To summarize, the game really should rank lower than a 3 given all its serious shortcomings, but the story is so good and the few characters you do get to interact with so entertaining and odd that they are able to elevate the game up to a "meh". If you're able to find it cheap like I did, $9.99 used, then I say it's worth the buy. Otherwise though, until and unless Obsidian adds some serious DLC, then it's not worth it even if some parts of it are that good.
I am a huge fan of the Fallout franchise. Most notably, Fallout 4. My expectation for this game was that the environment and storyline would be as immersive as the Fallout "universe." I was disappointed. It's not that this game isn't fun, it just didn't meet my expectations. The biggest flaws, as I see it are:
1) Story line (so far) is pretty lame. The dialogue and interaction with NPCs reads like it was written by a 12-year old. Not terrible, but not real interesting to this 47 year old... 2) Interaction with NPCs: It doesn't seem to matter what choices you make when interacting with NPCs. Again, the dialogue is lame, but you can literally click on every response in any sequence and It seems to make no difference to the outcome of the story. 3) The maps are much smaller than I expected. Almost to the point where Fast Travel is pointless. 4) On the default level, combat is much easier than I would have expected. 5) The quests offer no real challenge. There is nothing to figure out. Just follow the crumbs and interact with the NPCs. Not very challenging.
On the brighter side: I got bored with this pretty early and decided to just try and kill everyone that I came in contact with. This proved to be mildly entertaining. One thing that I do like about this game is the way it tracks your standing with each faction. Also, the fact that you can kill your companions I like - that always annoyed me about Fallout.
This isn't the worst game I've ever played, but I feel like it's more of a $20 game, whereas I would pay top dollar for something more like Fallout that has such an interesting and immersive storyline.

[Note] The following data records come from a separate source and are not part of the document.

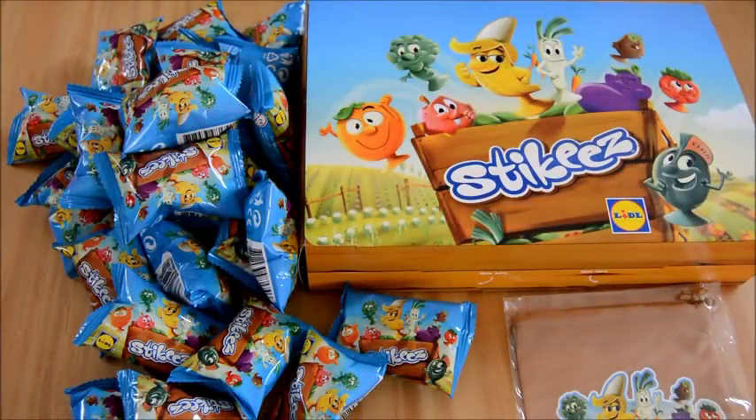Hi everybody! In this video I'm going to be showing you this amazing little stickies collection. This is the new stickies collection for 2017 and the theme for these stickies is a fruit and veg one. We've got lots of wonderful items here and I can't wait to have a look.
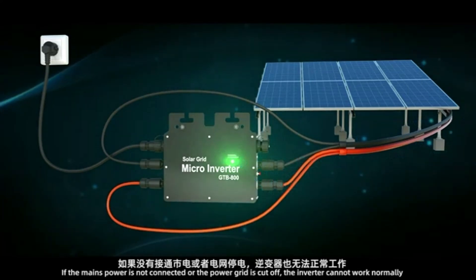If the mains power is not connected or the power grid is cut off, the inverter cannot work normally.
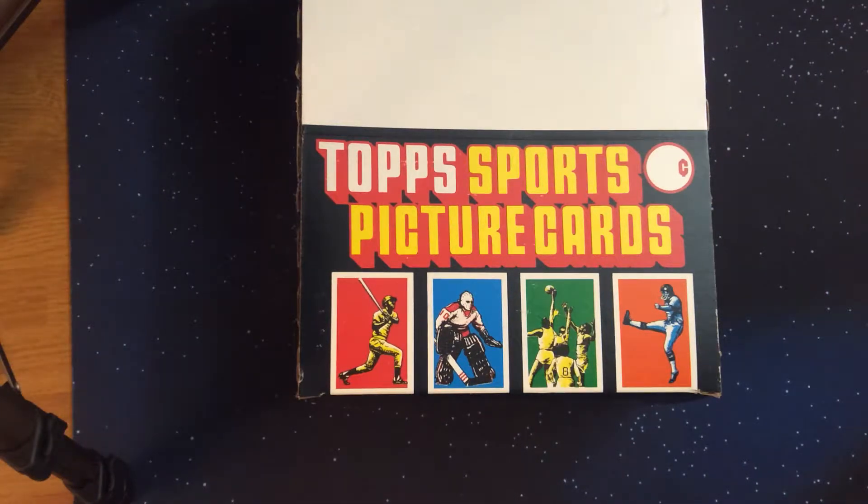Hello YouTube and fellow sports card collectors, this is Eric Jay and welcome to the channel. Today's video is part two of our series of creating a pack fresh set of 1987 Topps. We are doing that by opening rack packs. In the first video we found 95 out of the 792 cards and two out of the 22 insert all-star cards. Let's get moving on with opening two more rack packs and see who we find.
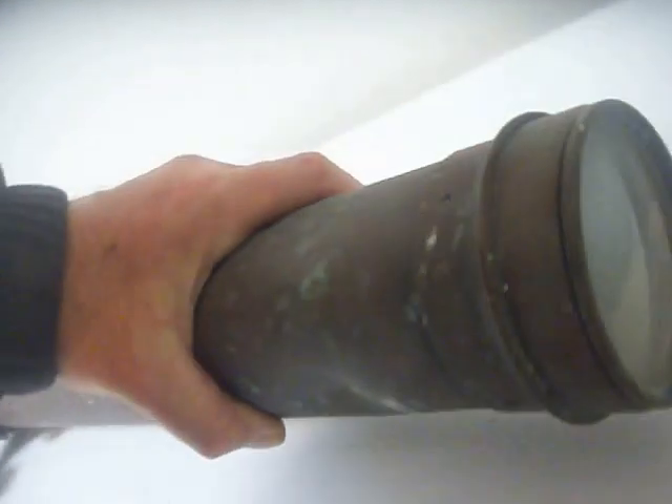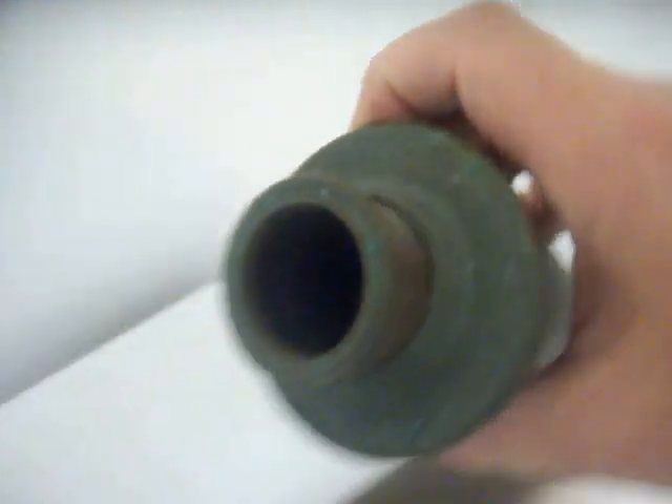I'm sure these dents can be gently tapped out to the point where, with the correct eyepiece, this would be a working telescope. The maker on this side is Bardou and Son — you can see the engraved 'Bardou and Son Paris' here. I'm sure this can all be polished out more nicely.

This game was short. Maps were of a small to medium size. The types of enemy were somewhat limited and the selection of armor/weapons were okay. I beat it in three days although I admit I played it on easy. Played through a little more than have of the side quests. Maybe I'm just spoiled by Witcher but I have come to expect a little more since. This was like Fable III and about as long. Definitely not worth $60.
Too short. You can't fail. "Open world" with small individual maps. No sense of urgency, discovery, or adventure; follow the green dot and all will be well. And unless I'm daft, you can't continue playing after you've finished the game (but I'll re-check that). On the plus side, it's beautiful to look at, it never crashed, and all the quests/missions remained playable (unlike, say, Bethesda games, but those are still vastly better in story-telling and adventure than this game). Overall, meh.
The main story line isn't very detailed and there aren't a lot of subplot/side quests to keep it going. As far as the graphics, they were okay but not great. The gameplay was fine, but the 'x' button is way overused. My biggest problem was the hours of useless dialog built into this game. Even the "I don't care" options usually led to a long goodbye from the NPCs. In the end I was expecting something along the lines of Skyrim or Fallout 4, and it just didn't live up to my expectations.